• [Exercise instructions] The copy must run from the line containing "Draper Ratchet &" through the final line of the records, both included, exactly as written. It should contain no pictures.

----- Supplied information -----

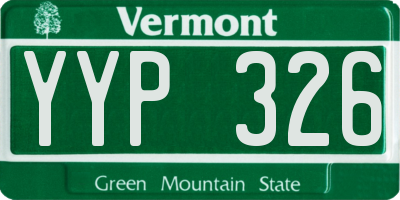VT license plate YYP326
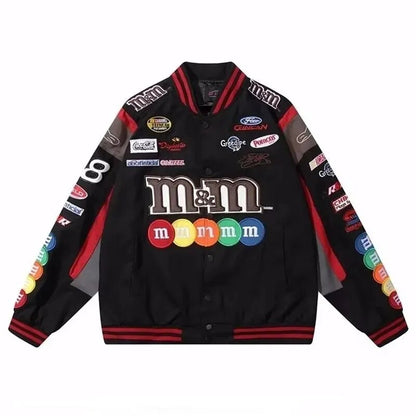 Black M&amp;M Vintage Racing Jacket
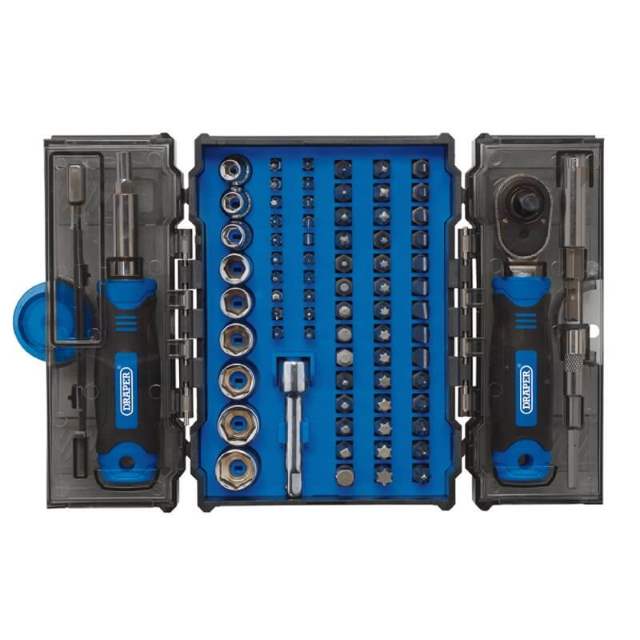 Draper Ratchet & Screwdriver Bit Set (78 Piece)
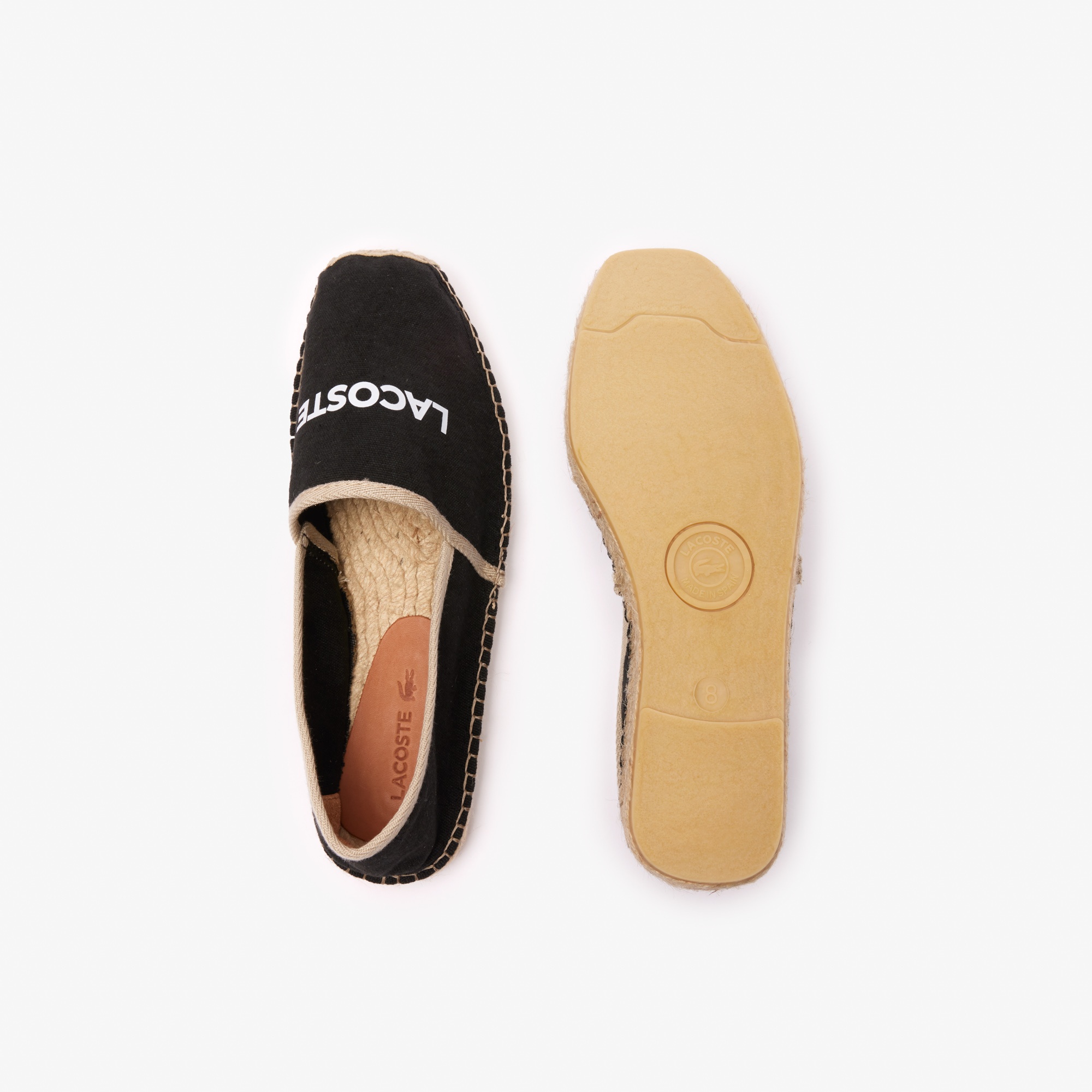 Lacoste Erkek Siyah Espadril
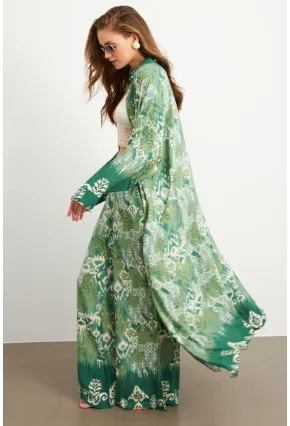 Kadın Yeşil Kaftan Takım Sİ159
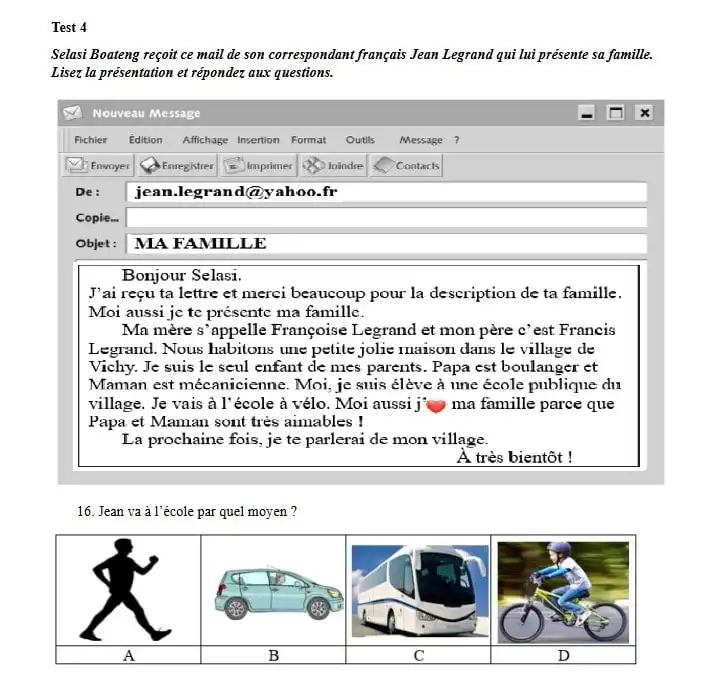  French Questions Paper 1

-----

• [Expected answer]
 Draper Ratchet & Screwdriver Bit Set (78 Piece)
 Lacoste Erkek Siyah Espadril
 Kadın Yeşil Kaftan Takım Sİ159
  French Questions Paper 1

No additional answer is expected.